▶ _Stored data_:
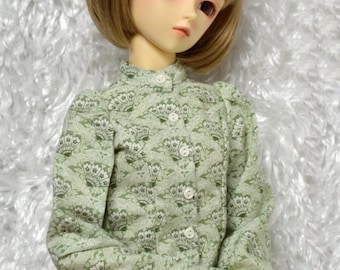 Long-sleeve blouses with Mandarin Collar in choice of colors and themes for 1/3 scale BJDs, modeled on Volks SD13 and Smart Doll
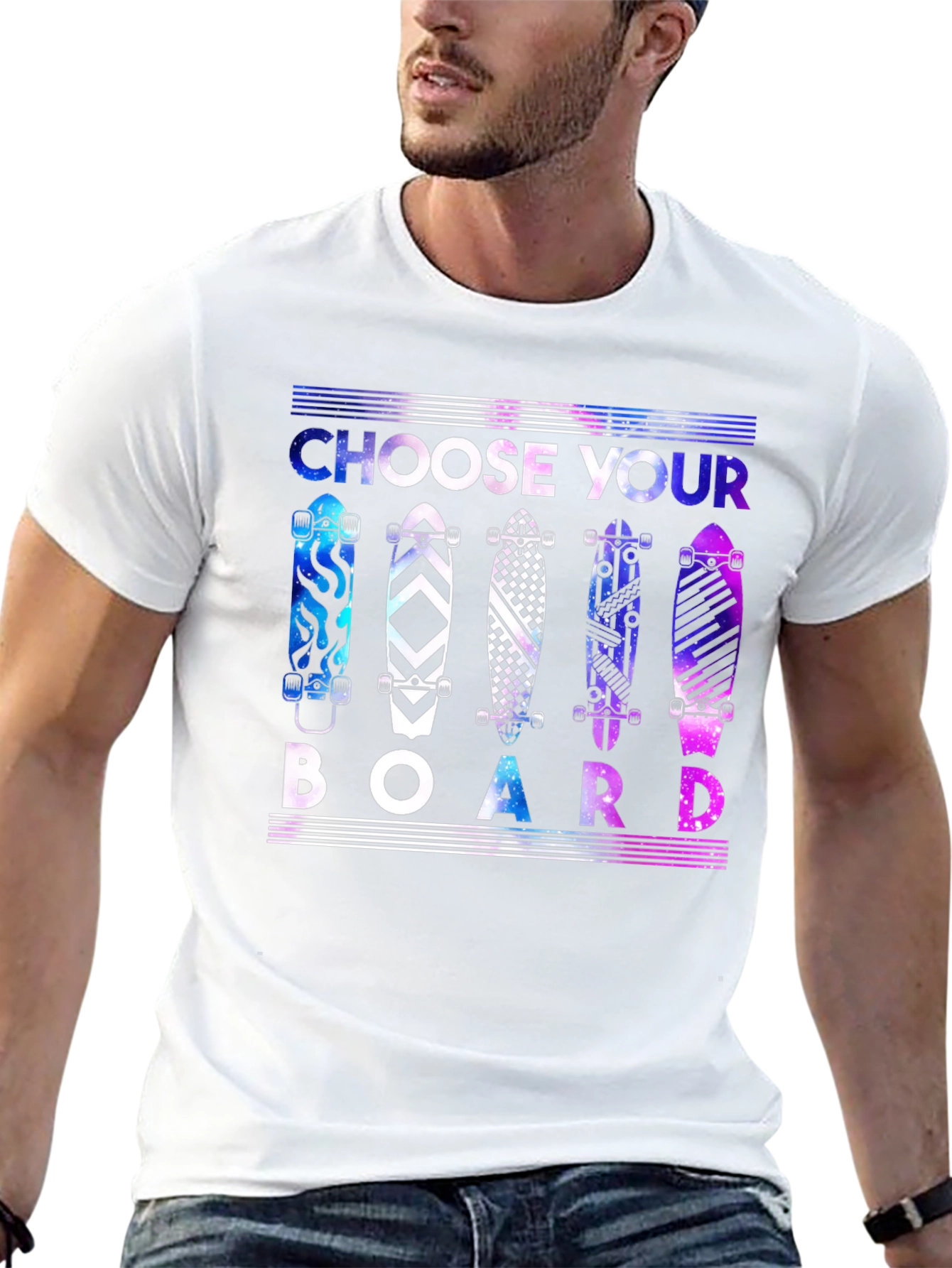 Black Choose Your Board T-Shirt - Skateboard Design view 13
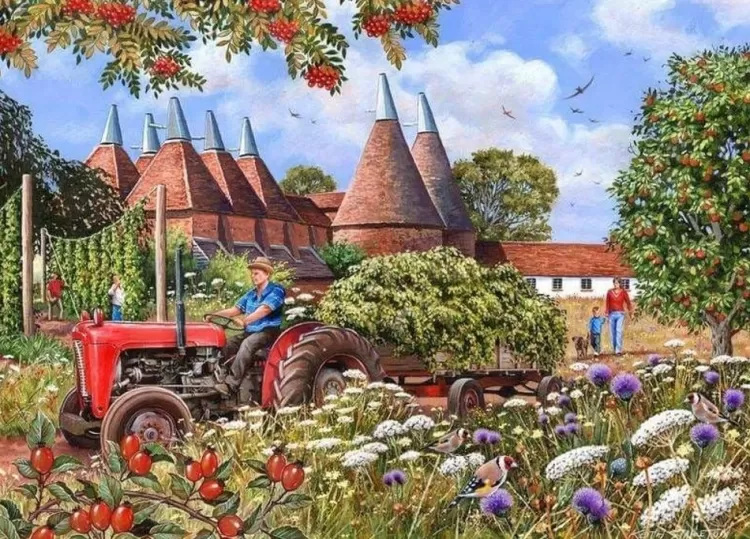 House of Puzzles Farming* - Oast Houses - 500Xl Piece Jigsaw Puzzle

--

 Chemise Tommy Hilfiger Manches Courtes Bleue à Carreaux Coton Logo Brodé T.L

==

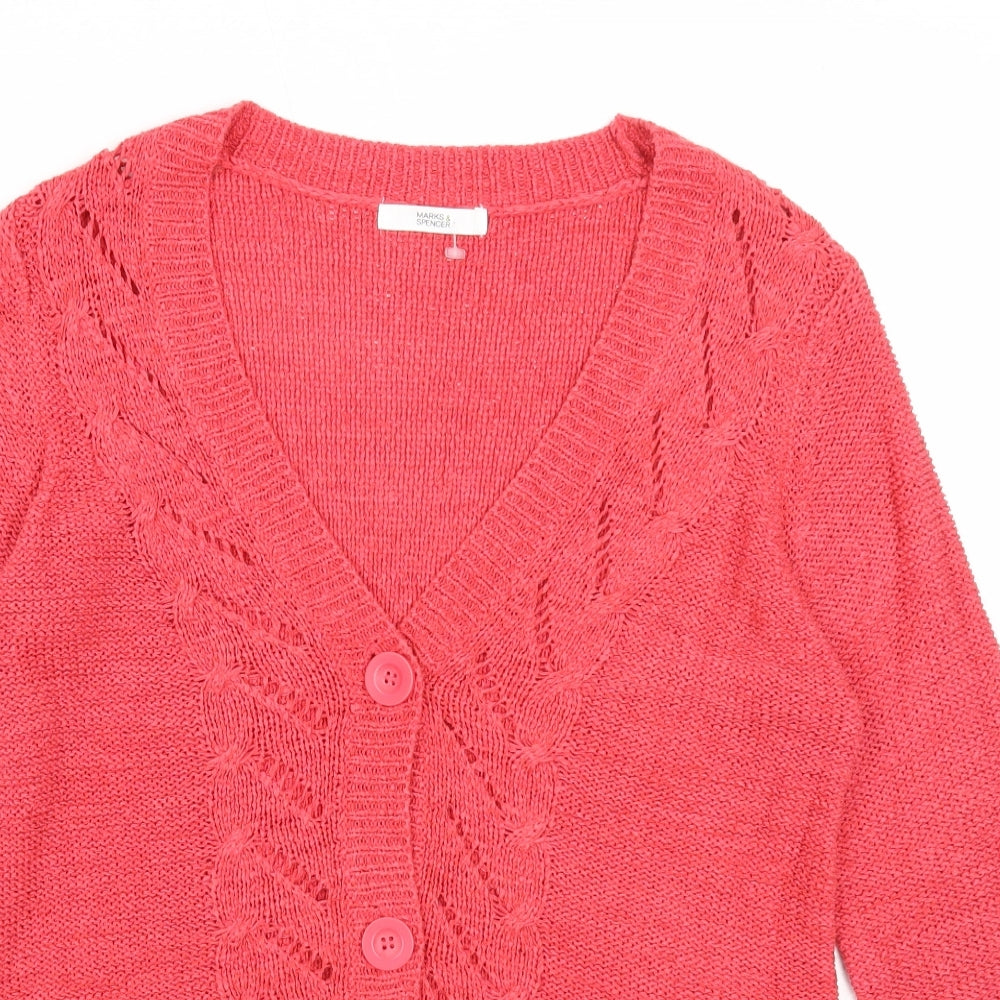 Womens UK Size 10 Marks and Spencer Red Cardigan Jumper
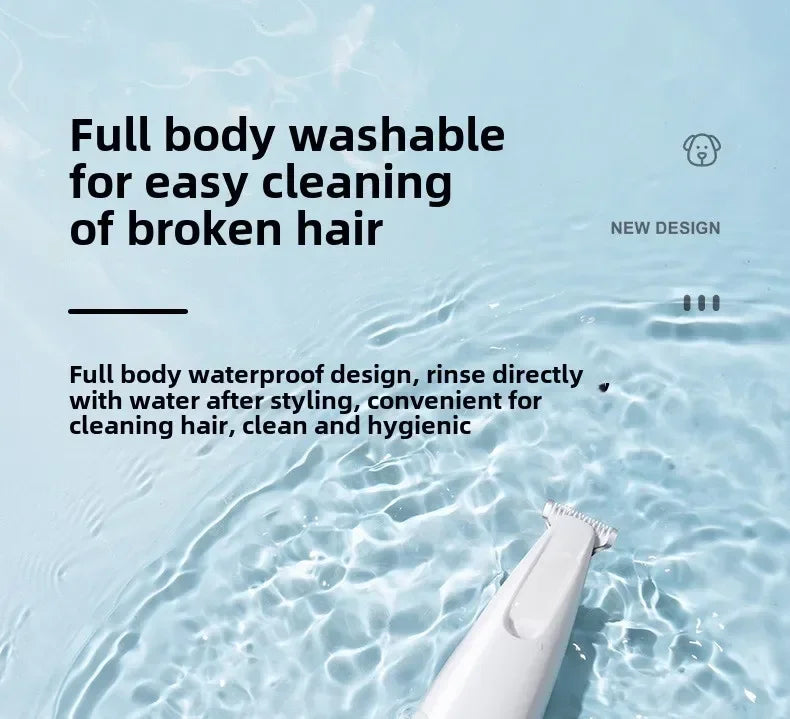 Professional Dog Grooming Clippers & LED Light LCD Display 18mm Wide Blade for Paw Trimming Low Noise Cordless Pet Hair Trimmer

▶ _Task brief_: The expected output is the lines above from the one containing "Long-sleeve blouses with" to the one containing "House of Puzzles", both ends included, reproduced exactly with every picture left out.

▶ _Final answer_:
 Long-sleeve blouses with Mandarin Collar in choice of colors and themes for 1/3 scale BJDs, modeled on Volks SD13 and Smart Doll
 Black Choose Your Board T-Shirt - Skateboard Design view 13
 House of Puzzles Farming* - Oast Houses - 500Xl Piece Jigsaw Puzzle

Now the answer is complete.